Kent State and the End of American Innocence
DaCapo Press, Cambridge, Massachusetts, 2016, 288 pages
Book Review published on: March 17, 2017
On Monday, 4 May 1970, Kent State University was thrust into the national spotlight when Ohio National Guardsmen, sent to the university to keep order after a weekend of civil disobedience, the burning of the ROTC building, and some rioting in the town, fired into a student protest, killing four students and wounding nine. In his latest work, 67 Shots, author Howard Means convincingly argues that the thirteen seconds it took to fire the sixty-seven rounds, although short in duration, had far-reaching consequences not only for the individuals at the small Ohio University but also for the nation.
Means argues the shootings were both unavoidable and preventable. He proves this point through his clear writing style and diligent research, but most of all, through his analysis of the eyewitness accounts. The author uses the testimony and recollections of many witnesses and participants who were present before, during, and after this tragedy to provide a compelling narrative of what happened. He provides a clear understanding of events as he weaves the story between the competing perspectives of respect for law and order, and freedom of speech. He describes the confusion that affected all the people involved that resulted in assumptions and decisions that ultimately led to the tragedy. Means not only provides clarity to the confusing events at the time but also confronts the myths that have managed to persist for decades.
Means use of first-person accounts provides a vivid picture of the events. Through his analysis, he lays blame where he believes it is warranted. For example, when describing the university’s administration, he writes, “For its part, the university not only had surrendered all meaningful authority but also lacked the institutional capacity to respond to the events that swirled around it.” Some of the most interesting and tragic stories are found in the author’s analysis of the aftermath. Here readers may find the most compelling stories about the reactions and responses of the staff, faculty, surrounding community, and students, as well as people at the national level to include the White House.

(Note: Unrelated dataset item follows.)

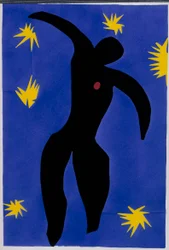 Der Fall des Ikarus. Aus „Jazz“. Tafel VIII. S. 55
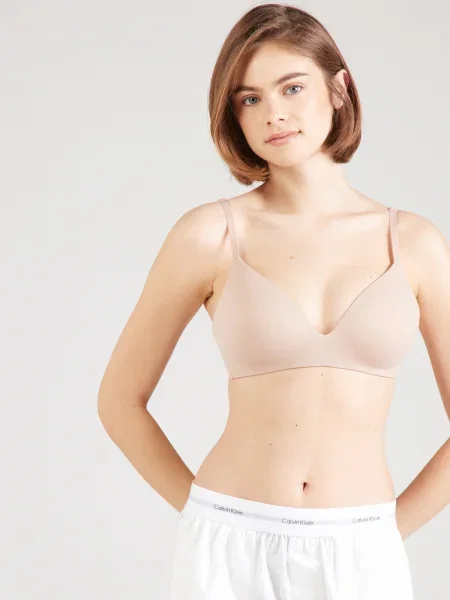 Calvin Klein Underwear Nedrček nude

Although in the end and despite all his diligent research, the author is unable to answer the question of why the National Guard opened fire, 67 Shots provides several lessons that will cause readers to pause and reflect, including what is the role of the military in civil disobedience. In addition, the book offers lessons for stability operations as well as insights into crisis decision making and crowd behavior. 67 Shots is a cautionary tale of what can happen when the consequences of decisions spiral out of control. I recommend this book for those readers interested in the Vietnam War, American history, and decision making.